It’s been a tough few weeks for the governor’s dad, Bernard Spitzer. A month ago, the octogenarian real estate mogul received a nefarious phone call, allegedly from G.O.P. veteran Roger J. Stone Jr., threatening arrest and assailing his son.
But here’s cause for the patriarch to celebrate: City records show that out of 11 apartments he charitably sold for zero dollars to the American Museum of Natural History in 2004 and 2005, the museum has now flipped more than half for a tidy profit.
At the Spitzer-developed 200 Central Park South, a curvy co-op, the museum just sold a 21st-floor place for $1.67 million, plus an 11th-floor co-op for $959,000. All told, apartments donated by Mr. Spitzer have yielded $6,255,000 for the natural historians.
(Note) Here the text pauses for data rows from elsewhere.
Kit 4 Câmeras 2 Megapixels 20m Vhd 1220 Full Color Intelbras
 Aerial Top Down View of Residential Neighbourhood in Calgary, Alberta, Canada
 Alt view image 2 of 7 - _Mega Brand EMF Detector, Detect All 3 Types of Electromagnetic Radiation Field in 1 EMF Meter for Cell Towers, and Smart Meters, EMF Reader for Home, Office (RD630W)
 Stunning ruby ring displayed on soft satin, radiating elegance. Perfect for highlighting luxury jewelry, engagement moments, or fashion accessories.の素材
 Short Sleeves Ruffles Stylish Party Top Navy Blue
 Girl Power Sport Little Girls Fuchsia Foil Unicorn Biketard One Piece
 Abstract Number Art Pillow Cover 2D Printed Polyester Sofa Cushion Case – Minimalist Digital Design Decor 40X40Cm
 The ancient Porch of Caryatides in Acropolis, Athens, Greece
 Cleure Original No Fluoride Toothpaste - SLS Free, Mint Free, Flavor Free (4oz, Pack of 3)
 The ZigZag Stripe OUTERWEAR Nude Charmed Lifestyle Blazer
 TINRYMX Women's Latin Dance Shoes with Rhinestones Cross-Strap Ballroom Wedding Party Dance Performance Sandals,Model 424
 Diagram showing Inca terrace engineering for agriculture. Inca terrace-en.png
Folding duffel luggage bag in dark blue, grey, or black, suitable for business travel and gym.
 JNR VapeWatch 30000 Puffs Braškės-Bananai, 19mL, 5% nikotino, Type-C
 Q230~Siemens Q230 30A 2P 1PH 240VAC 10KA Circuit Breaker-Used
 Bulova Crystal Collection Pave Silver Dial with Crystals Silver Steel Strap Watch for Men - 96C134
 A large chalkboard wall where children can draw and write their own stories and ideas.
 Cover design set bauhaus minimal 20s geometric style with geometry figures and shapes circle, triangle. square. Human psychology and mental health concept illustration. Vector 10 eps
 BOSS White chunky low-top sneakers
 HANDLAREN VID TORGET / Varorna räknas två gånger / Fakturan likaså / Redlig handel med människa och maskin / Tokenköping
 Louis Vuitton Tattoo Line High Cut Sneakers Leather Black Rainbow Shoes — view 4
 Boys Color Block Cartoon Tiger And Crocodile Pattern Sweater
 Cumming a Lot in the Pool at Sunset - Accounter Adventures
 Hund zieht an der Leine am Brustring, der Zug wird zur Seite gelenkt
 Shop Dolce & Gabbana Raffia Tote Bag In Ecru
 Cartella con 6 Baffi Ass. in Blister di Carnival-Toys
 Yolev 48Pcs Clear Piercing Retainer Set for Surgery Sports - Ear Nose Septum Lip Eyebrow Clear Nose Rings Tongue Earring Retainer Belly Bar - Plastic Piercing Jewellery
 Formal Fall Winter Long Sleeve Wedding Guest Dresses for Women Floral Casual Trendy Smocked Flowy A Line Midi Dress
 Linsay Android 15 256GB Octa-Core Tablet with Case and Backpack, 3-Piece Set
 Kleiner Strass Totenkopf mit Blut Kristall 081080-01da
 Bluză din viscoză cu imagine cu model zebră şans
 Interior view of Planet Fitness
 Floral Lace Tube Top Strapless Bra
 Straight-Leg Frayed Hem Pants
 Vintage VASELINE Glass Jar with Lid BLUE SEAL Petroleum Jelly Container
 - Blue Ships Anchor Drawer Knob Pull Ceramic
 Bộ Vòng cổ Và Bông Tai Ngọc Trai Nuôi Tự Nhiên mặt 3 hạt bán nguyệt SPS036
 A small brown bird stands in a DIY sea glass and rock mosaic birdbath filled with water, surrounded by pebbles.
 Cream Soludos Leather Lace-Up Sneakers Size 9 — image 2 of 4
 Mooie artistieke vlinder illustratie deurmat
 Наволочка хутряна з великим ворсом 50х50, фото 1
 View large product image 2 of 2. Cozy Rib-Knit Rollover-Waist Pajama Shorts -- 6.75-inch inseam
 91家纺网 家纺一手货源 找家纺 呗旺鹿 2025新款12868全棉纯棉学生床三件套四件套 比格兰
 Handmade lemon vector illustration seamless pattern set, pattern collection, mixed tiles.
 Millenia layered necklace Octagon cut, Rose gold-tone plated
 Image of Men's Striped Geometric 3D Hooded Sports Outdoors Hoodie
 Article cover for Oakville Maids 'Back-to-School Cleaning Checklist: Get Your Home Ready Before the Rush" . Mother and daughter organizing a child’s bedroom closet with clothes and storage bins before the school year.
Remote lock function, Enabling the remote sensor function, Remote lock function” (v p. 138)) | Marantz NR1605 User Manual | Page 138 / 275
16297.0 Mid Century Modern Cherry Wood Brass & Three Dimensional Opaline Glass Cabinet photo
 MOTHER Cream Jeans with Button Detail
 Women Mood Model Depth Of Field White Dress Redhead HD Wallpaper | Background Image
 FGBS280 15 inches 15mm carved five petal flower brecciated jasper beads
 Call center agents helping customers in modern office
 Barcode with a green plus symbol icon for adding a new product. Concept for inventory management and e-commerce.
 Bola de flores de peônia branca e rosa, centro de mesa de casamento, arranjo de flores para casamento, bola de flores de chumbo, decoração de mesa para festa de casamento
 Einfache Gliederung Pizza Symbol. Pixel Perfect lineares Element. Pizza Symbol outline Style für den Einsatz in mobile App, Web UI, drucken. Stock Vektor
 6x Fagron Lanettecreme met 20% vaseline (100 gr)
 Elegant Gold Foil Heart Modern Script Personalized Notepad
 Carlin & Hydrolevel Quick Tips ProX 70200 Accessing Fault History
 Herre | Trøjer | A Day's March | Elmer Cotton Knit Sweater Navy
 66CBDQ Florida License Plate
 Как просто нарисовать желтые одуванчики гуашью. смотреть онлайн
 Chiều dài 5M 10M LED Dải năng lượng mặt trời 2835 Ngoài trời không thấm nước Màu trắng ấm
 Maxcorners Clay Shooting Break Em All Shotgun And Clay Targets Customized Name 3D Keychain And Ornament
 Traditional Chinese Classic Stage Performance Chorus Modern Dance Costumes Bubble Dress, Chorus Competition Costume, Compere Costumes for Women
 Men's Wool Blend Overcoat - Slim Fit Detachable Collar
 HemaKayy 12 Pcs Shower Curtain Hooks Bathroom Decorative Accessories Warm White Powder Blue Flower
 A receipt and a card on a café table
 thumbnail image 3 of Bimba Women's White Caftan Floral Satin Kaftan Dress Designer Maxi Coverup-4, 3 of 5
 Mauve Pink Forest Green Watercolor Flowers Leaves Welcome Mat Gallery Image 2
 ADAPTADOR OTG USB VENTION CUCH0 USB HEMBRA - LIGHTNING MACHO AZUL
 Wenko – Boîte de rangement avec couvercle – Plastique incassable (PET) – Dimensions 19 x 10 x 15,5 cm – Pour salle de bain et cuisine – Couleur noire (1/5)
“Bernie is a very philanthropic guy,” said his lawyer Jeffrey A. Moerdler, who returned a press inquiry. “He’s supported quite a few charities over the last few years, and this has been a method he’s used with a number.”
There was some familial charity in the building, too, though it’s been more scandalous. When 200 Central Park South went co-op in 1984, young Eliot’s share in the building became eight apartments. Those properties were at the center of a modest controversy over father-son loans surrounding the attorney general races in 1994 and 1998.
(That phone message to elder Spitzer last month said, in part, “Bernie, your phony loans are about to catch up with you.”)
Meanwhile, the Museum of Natural History first flipped a Spitzer-donated apartment in April 2005. Back then, a low-floor apartment went to buyer Barbara Marino for $1.2 million. Ms. Marino upgraded to a higher $2.695 million apartment this June, buying from ex–New York Post executive editor Colin Myler.